1. Field of the Invention
This invention relates to transmission of information along a tubular string, and more particularly to a system for acoustically transmitting signals across a connection in the tubular string.
2. Description of the Related Art
The oilfield industry currently uses two extremes of communication within wellbores. The classification of these two extremes relates to the timing of the wellbore construction, typically during the wellbore construction and after construction during the operation of the wellbore for production of hydrocarbons.
During the drilling and completion phases, communication is accomplished using a form of mud pulse telemetry commonly utilized within measurement while drilling (MWD) systems. Alternative methods of telemetry, such as low frequency electromagnetic and acoustics, have been investigated and found to be of limited or specialized use. In general MWD telemetry is bound by the speed of sound and the viscous properties in the drilling fluid, thus data rates for mud pulse telemetry seldom exceed 10 bits per second.
An increase in the number and complexity of downhole sensors in MWD systems has increased the need for higher data rates for the telemetry link. Also, introduction of rotary closed loop steering systems has increased the need for bi-directional telemetry from the top to the bottom of the well.
Industry efforts to develop high data rate telemetry have included methods to incorporate fiber optic or wire technology into the drillstring, transmitting acoustic signals through the drill string, and transmitting electromagnetic signals through the earth surrounding the drill string. U.S. Pat. No. 4,095,865 to Denison, et al., describes sections of drill pipe, pre-wired with an electrical conductor. However, each section of pipe is specially fabricated and difficult and expensive to maintain. Acoustic systems suffer from attenuation and filtering effects caused by reflections at each drill joint connection. Attempts have been made to predict the filtering effects, for example see U.S. Pat. No. 5,477,505 to Drumheller. In most such techniques, signal boosters or repeaters are required on the order of every 1000 feet. To date, the only practical and commercial method of MWD telemetry is modulation of mud flow and pressure with it's relatively slow data rate.
Once a well is drilled and completed, special sensors and control devices are commonly installed to assist in operation of the well. These devices historically have been individually controlled or monitored by dedicated lines. These controls were initially hydraulically operated valves (e.g. subsurface safety valves) or were sliding sleeves operated by shifting tools physically run in on a special wireline to shift the sleeve, as needed.
The next evolution in downhole sensing and control was moving from hydraulic to electric cabling permanently mounted in the wellbore and communicating back to surface control and reporting units. Initially, these control lines provided both power and data/command between downhole and the surface. With advances in sensor technology, the ability to multiplex along wires now allows multiple sensors to be used along a single wire path. The industry has begun to use fiber optic transmission lines in place of traditional electric wire for data communication.

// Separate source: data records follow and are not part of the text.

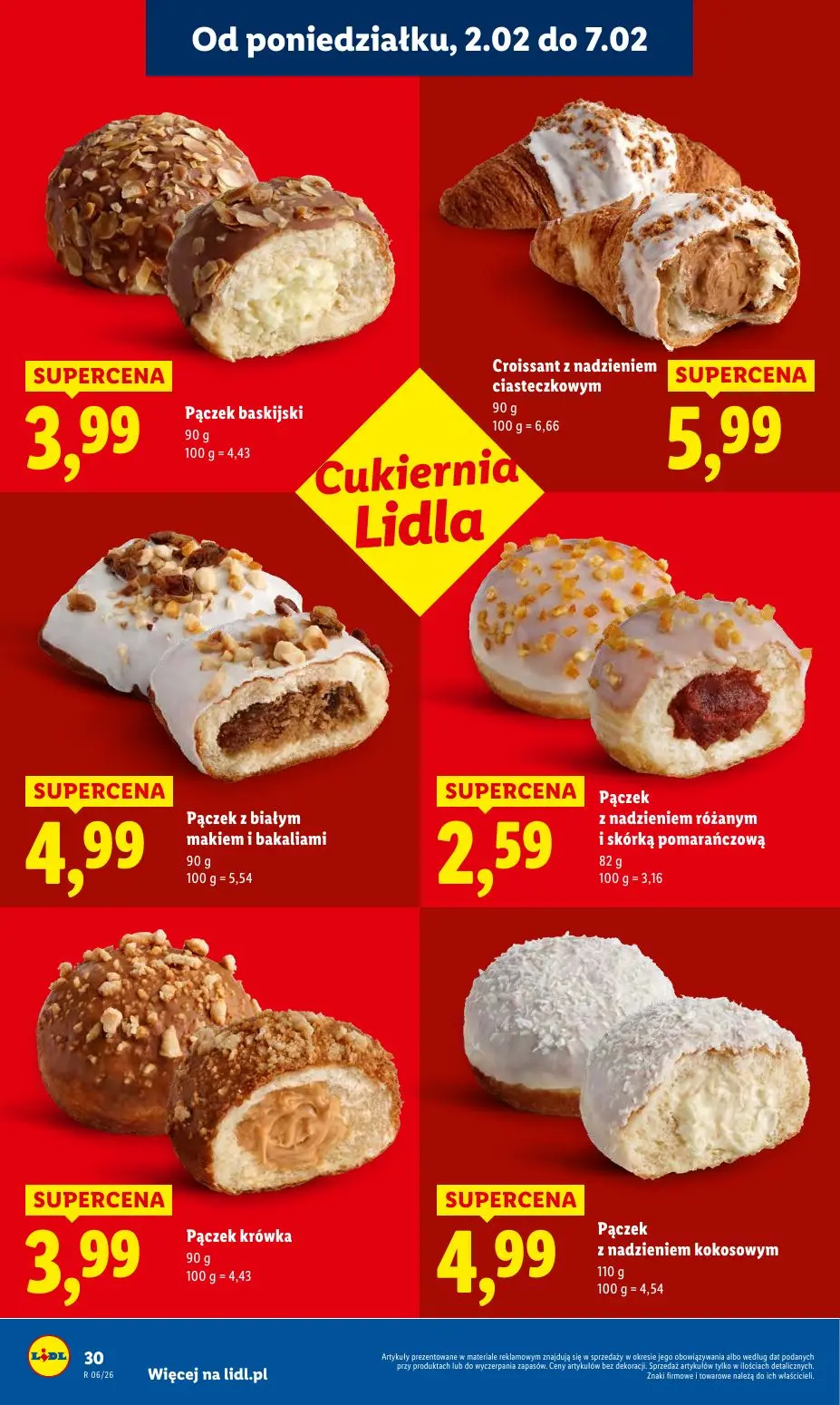 gazetka promocyjna LIDL Od poniedziałku - Strona 30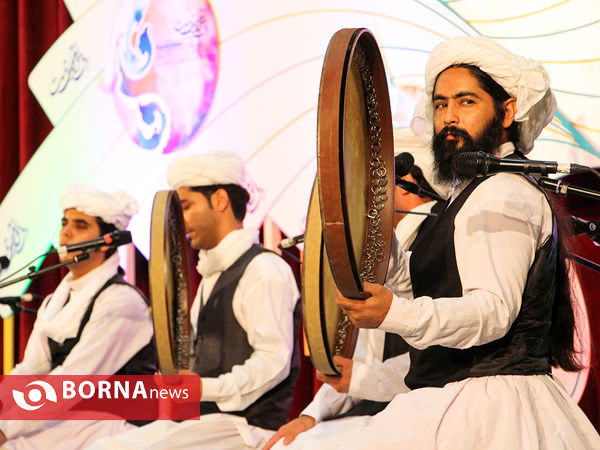 اجرا های روز دوم جشنواره بین المللی دف نوای رحمت
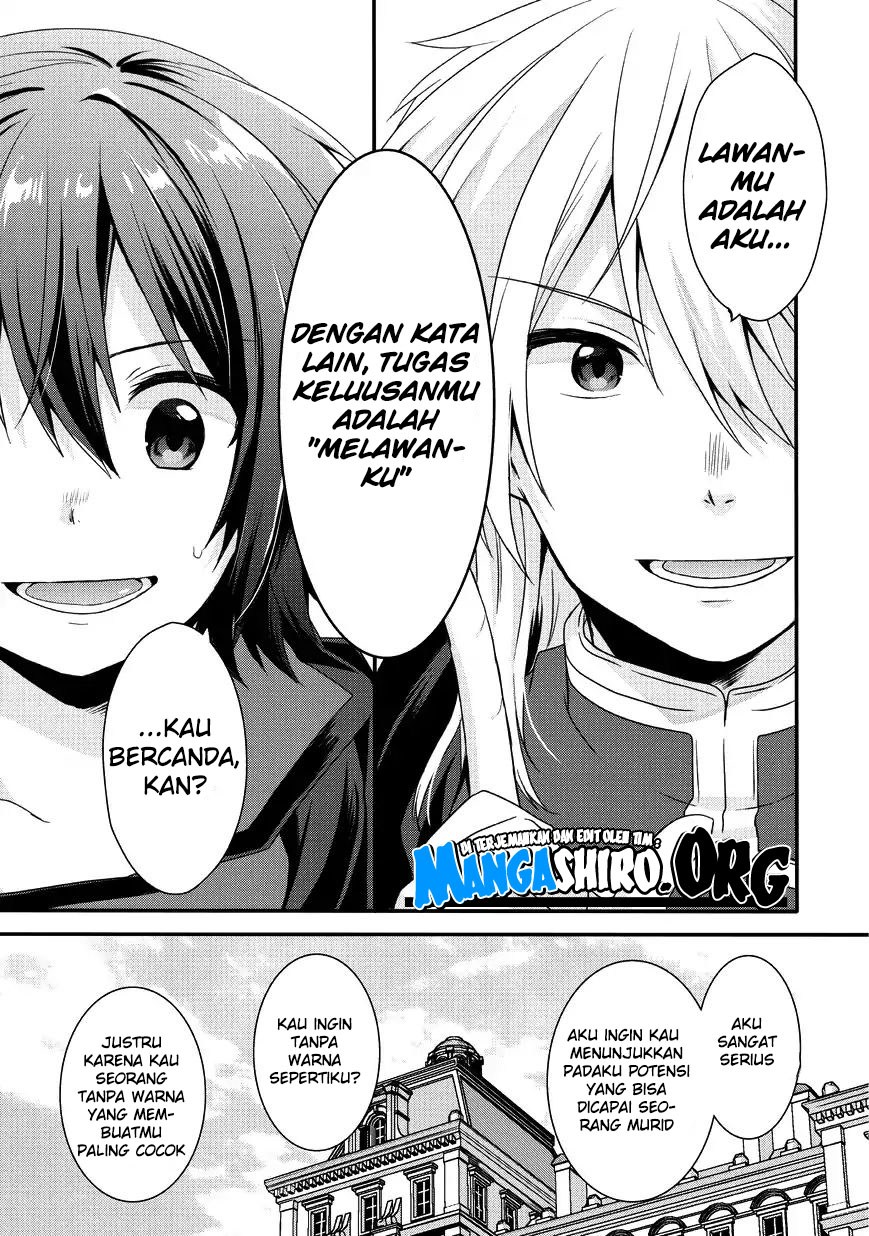 World Teacher: Isekaishiki Kyouiku Agent Chapter 24 Gambar 18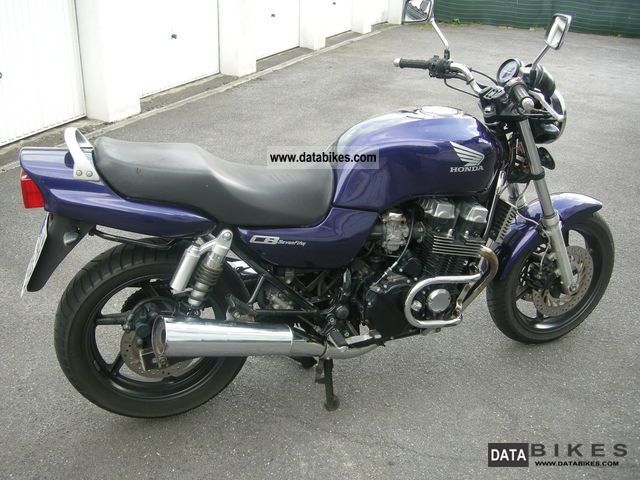 1996 Honda CB750 Seven Fifty #10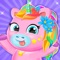 Be the best cute unicorn avatar maker in the town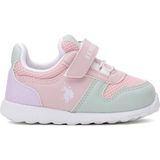 U.S. Polo Assn. 101952584 5I Garfield Jr 5FX Pembe Bebe Kız Çocuk Yürüyüş Ayakkabısı
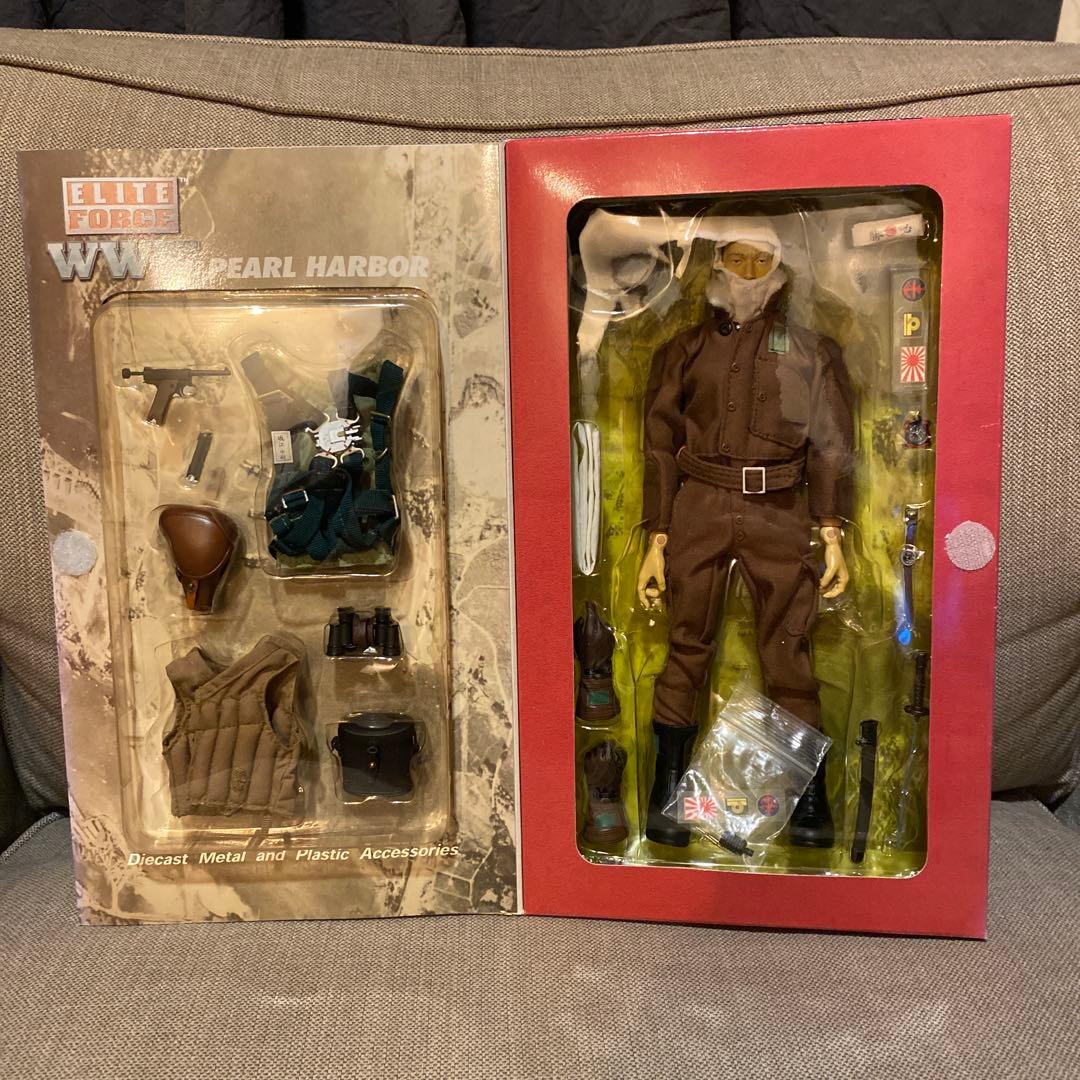 ELITEFORCE エリートフォース 日本海軍パイロット 坂江中尉 フィギュア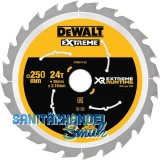 DEWALT Kreiss�geblatt XR Extrem Runtime HM � 250 x 2,16 x 30mm Z�hne 24 (WZ/FZ)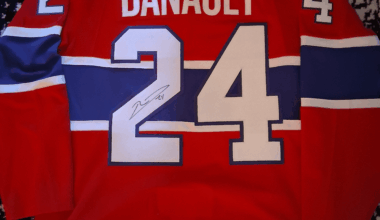 I'm glad I didn't get rid of it! Philip Danault appreciation post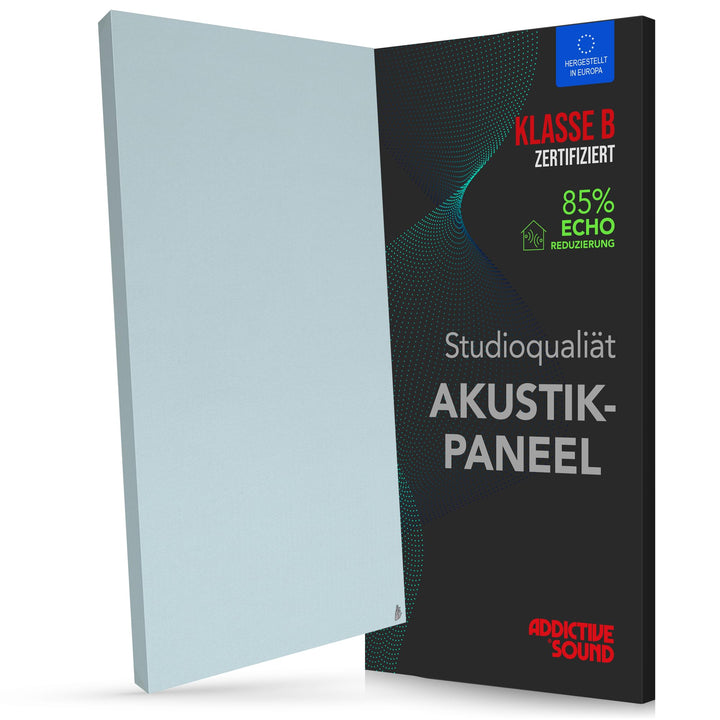 Addictive Sound Schallabsorber Wand Premium, Studioqualität-Akustikpaneel mit Akustikwolle, Klasse A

A common element of these well operation sensors and devices is the sending of power and information along the installed telemetry path. The telemetry path is typically installed in long lengths across multiple sections of jointed tubular. Thus, the installation of the telemetry path is required after major tubulars are installed in the well. The devices along the telemetry path must comply with a common interface and power specification. Any malfunction in the line puts the power transmission and communication in jeopardy.
Thus, there is a demonstrated need for higher data rate telemetry systems with bi-directional transmission capability for use with jointed tubulars.